§ What the task requires
Please restate every line below exactly, without any pictures.

Image-caption web data

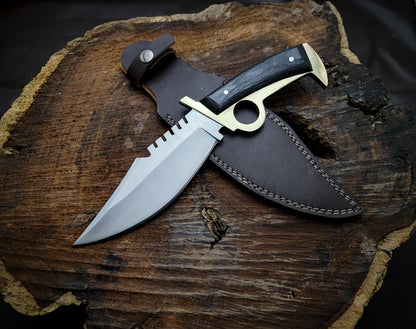 The Walking Dead: Daryl Dixon Replica Finger Guard Bowie Knife - Vortex Blades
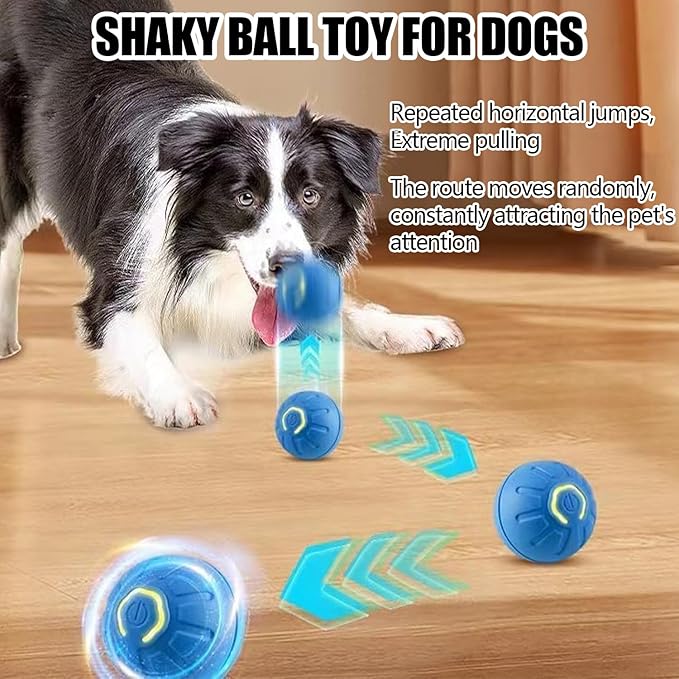 Shaky Ball Toy for Dogs, Automatic Moving Dog Toy Ball for Dogs(Cosmic Orange)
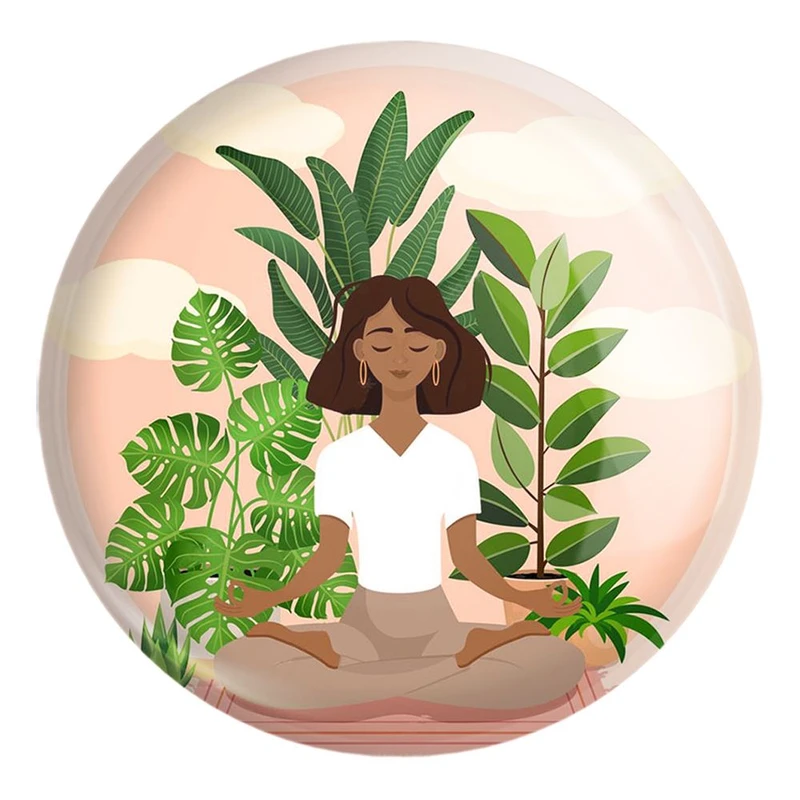 پیکسل خندالو طرح یوگا کد 29211 مدل بزرگ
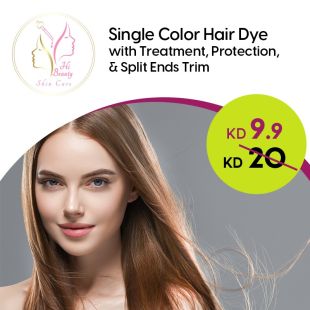 Hair Coloring in One Color With Treatment + Protection + Trimming of Ends at Hi Beauty Skin Care Salon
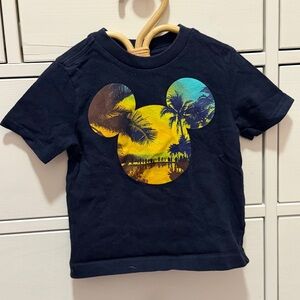 Disney Mickey Sunset Graphic Tee 12-18 Months Black Toddler Shirt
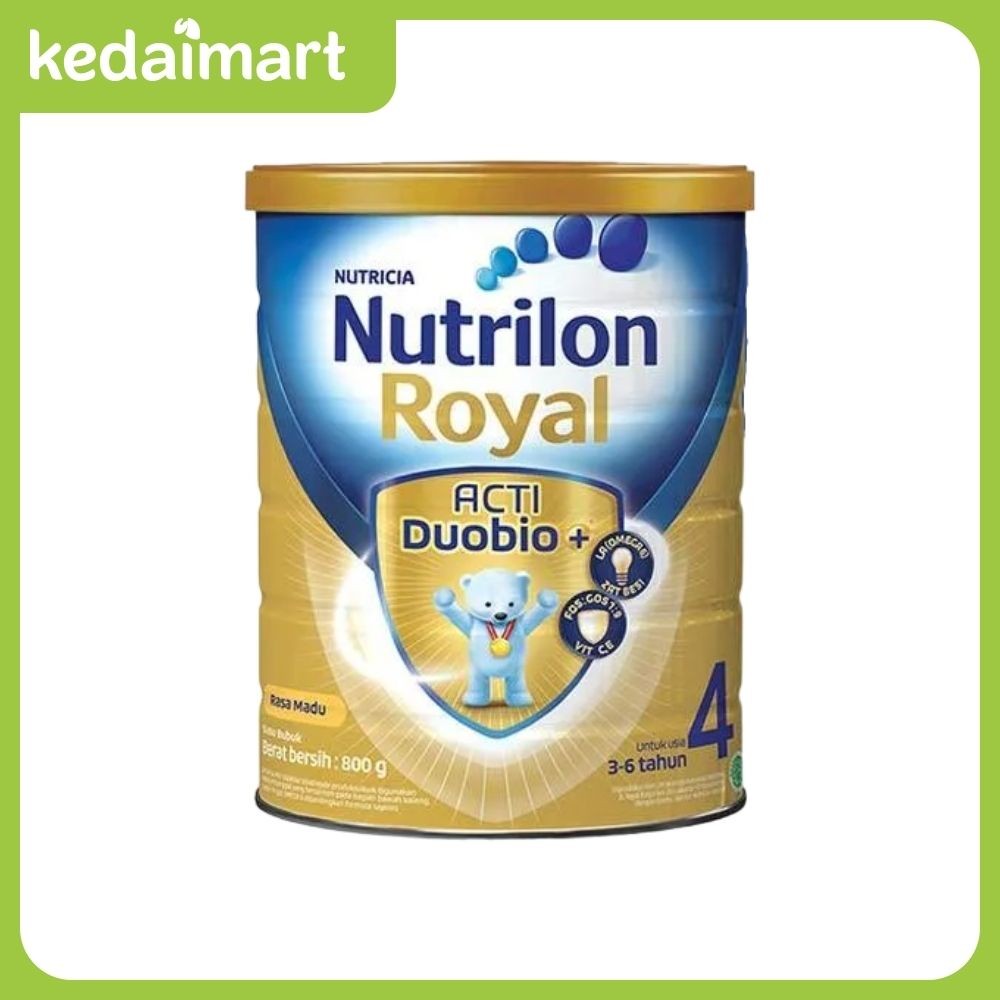 

Nutrilon Royal 4 Susu Pertumbuhan 3 - 6 Tahun Madu 800 Gram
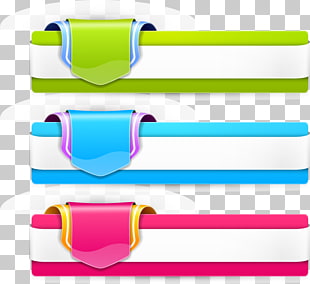 Web banner, Color banners PNG clipart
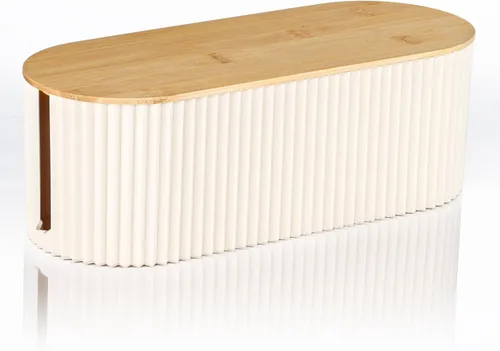 Caja de organización de cables con cubierta de bambú sólido, 12.6 x 5.4 x 4.4 pulgadas, ocultador de salida de suelo, organizador de cables para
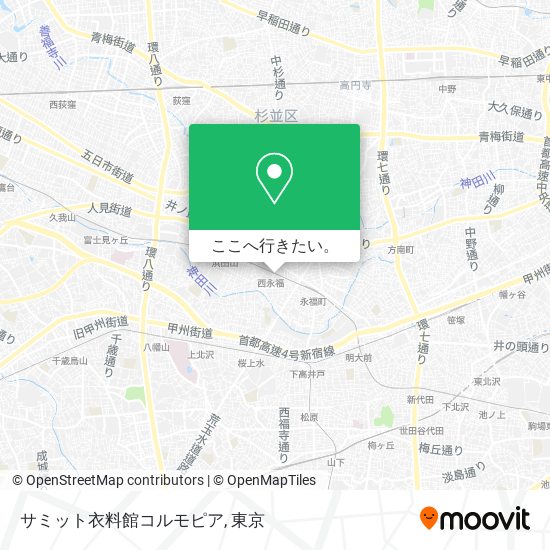 サミット衣料館コルモピア地図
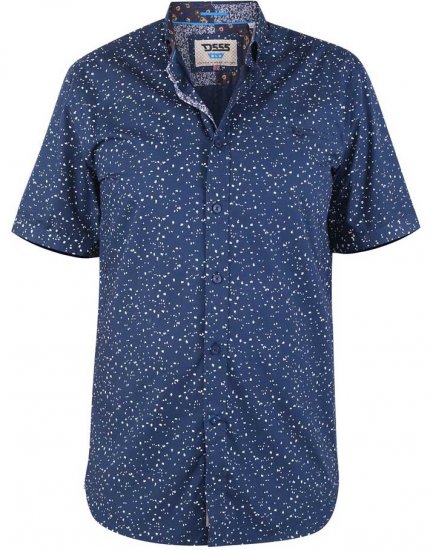 D555 FINDON Print Shirt - Hemden - Overhemden Grote Maten Heren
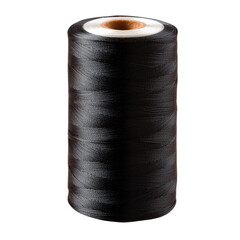 Black thread isolated on transparent background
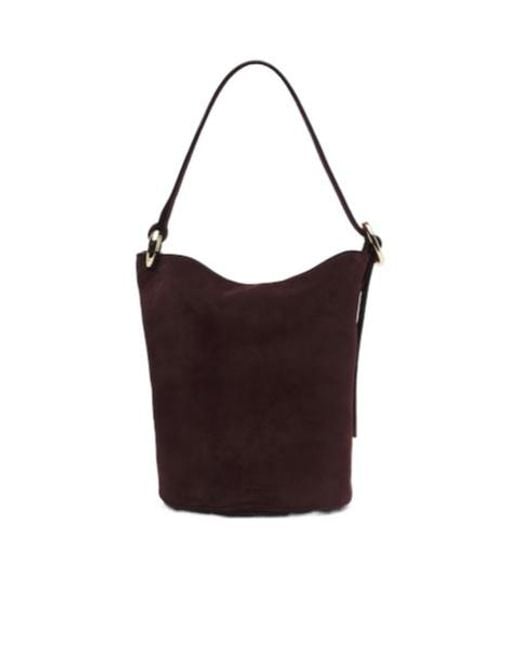 Joseph Brown Bucket Mini Suede Shoulder Bag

§ Answer area
 The Walking Dead: Daryl Dixon Replica Finger Guard Bowie Knife - Vortex Blades
 Shaky Ball Toy for Dogs, Automatic Moving Dog Toy Ball for Dogs(Cosmic Orange)
 پیکسل خندالو طرح یوگا کد 29211 مدل بزرگ
 Hair Coloring in One Color With Treatment + Protection + Trimming of Ends at Hi Beauty Skin Care Salon
 Disney Mickey Sunset Graphic Tee 12-18 Months Black Toddler Shirt

Nutrilon Royal 4 Susu Pertumbuhan 3 - 6 Tahun Madu 800 Gram
 Web banner, Color banners PNG clipart
 Caja de organización de cables con cubierta de bambú sólido, 12.6 x 5.4 x 4.4 pulgadas, ocultador de salida de suelo, organizador de cables para
 サミット衣料館コルモピア地図
 D555 FINDON Print Shirt - Hemden - Overhemden Grote Maten Heren
 Black thread isolated on transparent background
 Joseph Brown Bucket Mini Suede Shoulder Bag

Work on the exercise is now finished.